Extracting enhanced artificial intelligence model metadata from software repositories
Abstract
While artificial intelligence (AI) models have improved at understanding large-scale data, understanding AI models themselves at any scale is difficult. For example, even two models that implement the same network architecture may differ in frameworks, datasets, or even domains. Furthermore, attempting to use either model often requires much manual effort to understand it. As software engineering and AI development share many of the same languages and tools, techniques in mining software repositories should enable more scalable insights into AI models and AI development. However, much of the relevant metadata around models are not easily extractable. This paper (an extension of our MSR 2020 paper) presents a library called AIMMX for AI Model Metadata eXtraction from software repositories into enhanced metadata that conforms to a flexible metadata schema.

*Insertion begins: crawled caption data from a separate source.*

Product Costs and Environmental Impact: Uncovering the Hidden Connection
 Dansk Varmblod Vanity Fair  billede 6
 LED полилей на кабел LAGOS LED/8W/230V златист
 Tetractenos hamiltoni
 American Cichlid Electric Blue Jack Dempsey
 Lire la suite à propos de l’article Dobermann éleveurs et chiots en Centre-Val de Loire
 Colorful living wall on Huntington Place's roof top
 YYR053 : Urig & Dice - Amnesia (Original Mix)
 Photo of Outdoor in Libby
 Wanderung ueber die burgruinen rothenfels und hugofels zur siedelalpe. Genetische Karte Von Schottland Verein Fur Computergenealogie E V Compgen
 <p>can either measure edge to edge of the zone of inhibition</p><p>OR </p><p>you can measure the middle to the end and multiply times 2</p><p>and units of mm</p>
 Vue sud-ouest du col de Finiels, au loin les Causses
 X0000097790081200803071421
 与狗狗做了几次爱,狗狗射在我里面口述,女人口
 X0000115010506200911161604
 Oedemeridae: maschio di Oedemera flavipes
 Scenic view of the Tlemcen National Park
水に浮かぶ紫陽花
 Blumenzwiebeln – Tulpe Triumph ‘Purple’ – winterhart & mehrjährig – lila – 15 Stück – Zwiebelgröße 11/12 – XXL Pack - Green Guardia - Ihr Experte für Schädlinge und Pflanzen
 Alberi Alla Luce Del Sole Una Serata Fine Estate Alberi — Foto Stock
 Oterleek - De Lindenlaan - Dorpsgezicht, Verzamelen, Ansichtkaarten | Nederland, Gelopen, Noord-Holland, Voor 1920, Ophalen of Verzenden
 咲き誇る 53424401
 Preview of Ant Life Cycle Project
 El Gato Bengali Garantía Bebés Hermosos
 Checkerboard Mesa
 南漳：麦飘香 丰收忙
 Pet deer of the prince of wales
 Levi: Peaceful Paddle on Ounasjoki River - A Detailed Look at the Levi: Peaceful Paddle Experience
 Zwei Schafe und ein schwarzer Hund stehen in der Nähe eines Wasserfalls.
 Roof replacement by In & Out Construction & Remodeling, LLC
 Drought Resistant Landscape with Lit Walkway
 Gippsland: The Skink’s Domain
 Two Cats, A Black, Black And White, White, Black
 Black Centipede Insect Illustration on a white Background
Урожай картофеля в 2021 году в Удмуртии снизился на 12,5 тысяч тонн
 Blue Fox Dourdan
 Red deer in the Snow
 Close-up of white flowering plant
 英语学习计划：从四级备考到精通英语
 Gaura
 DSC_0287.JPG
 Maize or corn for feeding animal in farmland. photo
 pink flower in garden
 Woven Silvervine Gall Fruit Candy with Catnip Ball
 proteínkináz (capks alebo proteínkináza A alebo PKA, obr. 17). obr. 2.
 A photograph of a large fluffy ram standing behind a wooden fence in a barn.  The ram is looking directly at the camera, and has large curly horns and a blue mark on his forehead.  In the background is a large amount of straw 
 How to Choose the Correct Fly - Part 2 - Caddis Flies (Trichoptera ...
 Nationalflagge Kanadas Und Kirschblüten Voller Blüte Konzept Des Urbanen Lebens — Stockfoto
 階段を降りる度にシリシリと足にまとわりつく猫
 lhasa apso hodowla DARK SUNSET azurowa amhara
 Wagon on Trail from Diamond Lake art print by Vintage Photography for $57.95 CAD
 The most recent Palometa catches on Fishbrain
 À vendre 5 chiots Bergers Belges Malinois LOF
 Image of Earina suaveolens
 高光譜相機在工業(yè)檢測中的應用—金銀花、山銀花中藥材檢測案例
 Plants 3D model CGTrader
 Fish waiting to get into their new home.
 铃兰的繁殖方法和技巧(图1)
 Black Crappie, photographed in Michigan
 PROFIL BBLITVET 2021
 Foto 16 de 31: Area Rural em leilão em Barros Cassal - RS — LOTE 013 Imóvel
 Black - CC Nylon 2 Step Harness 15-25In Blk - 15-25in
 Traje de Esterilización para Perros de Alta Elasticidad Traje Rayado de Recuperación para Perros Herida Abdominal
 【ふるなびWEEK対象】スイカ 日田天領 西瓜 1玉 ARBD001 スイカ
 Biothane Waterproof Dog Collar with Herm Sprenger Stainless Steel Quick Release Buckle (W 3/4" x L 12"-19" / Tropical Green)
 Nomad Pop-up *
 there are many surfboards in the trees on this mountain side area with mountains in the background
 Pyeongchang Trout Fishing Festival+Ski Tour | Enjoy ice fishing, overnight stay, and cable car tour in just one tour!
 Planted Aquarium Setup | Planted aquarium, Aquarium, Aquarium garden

We evaluated AIMMX against 7,998 open-source models from three sources: model zoos, arXiv AI papers, and state-of-the-art AI papers. We also explored how AIMMX can enable studies and tools to advance engineering support for AI development. As preliminary examples, we present an exploratory analysis for data and method reproducibility over the models in the evaluation dataset and a catalog tool for discovering and managing models. We also demonstrate the flexibility of extracted metadata by using the evaluation dataset in an existing natural language processing (NLP) analysis platform to identify trends in the dataset. Overall, we hope AIMMX fosters research towards better AI development.